◆ **EXERCISE OBJECTIVE**
After finding "See story by Maggie" in the material below, output its line and every line after it through the last, exactly, but not the pictures.

◆ **DATA TO USE**
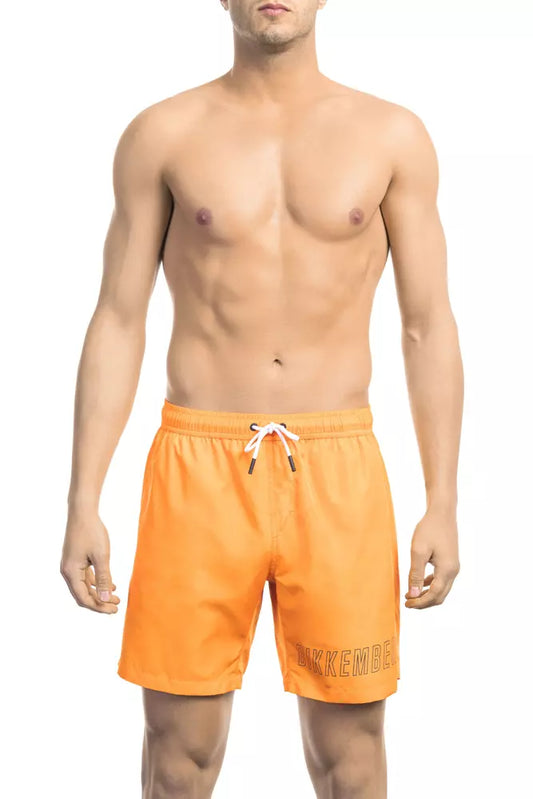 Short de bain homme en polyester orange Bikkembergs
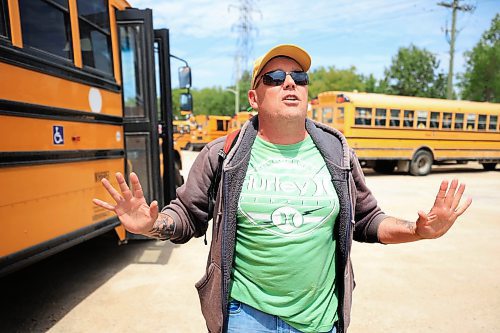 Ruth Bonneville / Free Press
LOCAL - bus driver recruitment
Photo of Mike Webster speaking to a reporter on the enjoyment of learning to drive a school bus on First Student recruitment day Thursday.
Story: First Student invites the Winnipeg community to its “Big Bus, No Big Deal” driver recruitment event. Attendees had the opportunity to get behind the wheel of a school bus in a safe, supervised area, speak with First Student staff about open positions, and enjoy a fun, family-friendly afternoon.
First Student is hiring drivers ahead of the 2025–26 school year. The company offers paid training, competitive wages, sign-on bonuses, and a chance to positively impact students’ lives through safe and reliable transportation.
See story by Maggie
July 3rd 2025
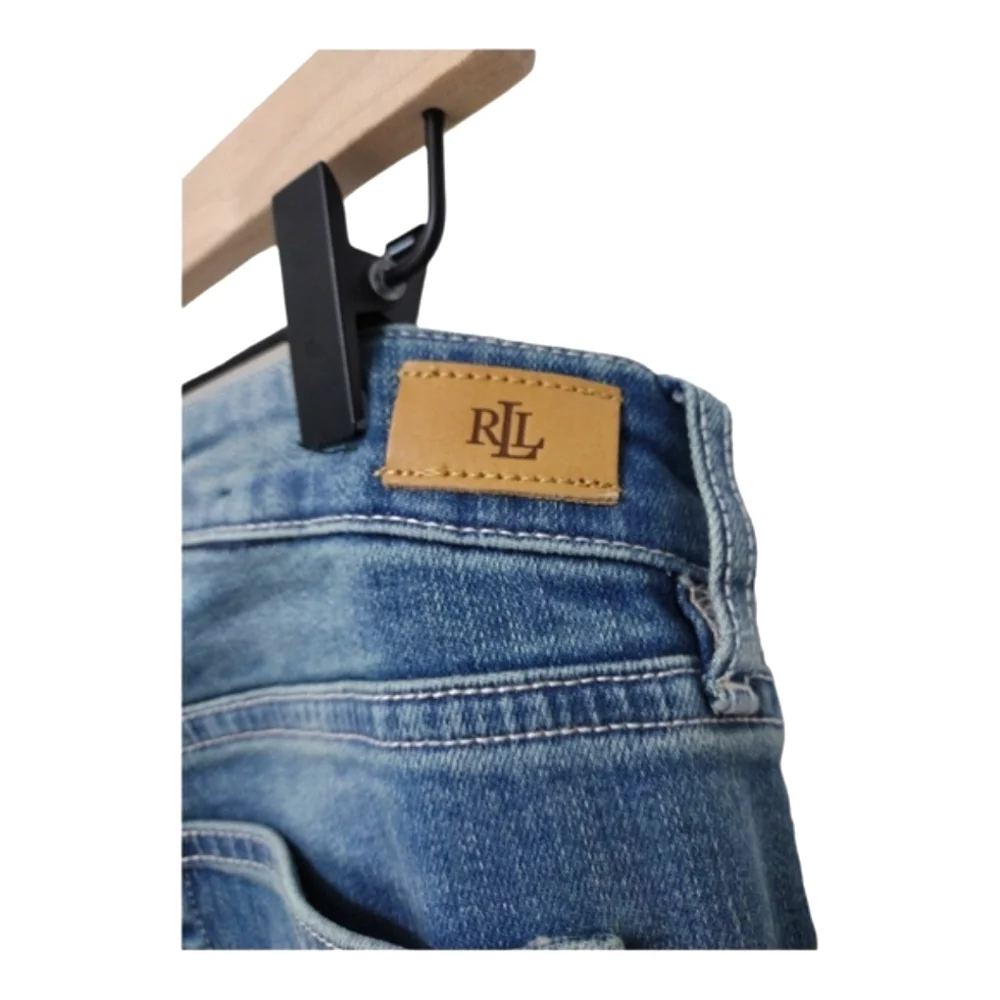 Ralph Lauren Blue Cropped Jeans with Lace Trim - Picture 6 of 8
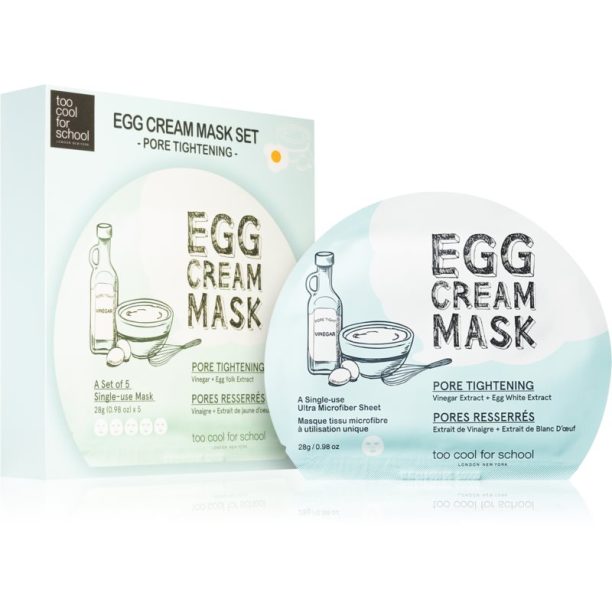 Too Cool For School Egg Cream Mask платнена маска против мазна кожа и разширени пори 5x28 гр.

◆ **SOLUTION TO THIS EXERCISE**
See story by Maggie
July 3rd 2025
 Ralph Lauren Blue Cropped Jeans with Lace Trim - Picture 6 of 8
 Too Cool For School Egg Cream Mask платнена маска против мазна кожа и разширени пори 5x28 гр.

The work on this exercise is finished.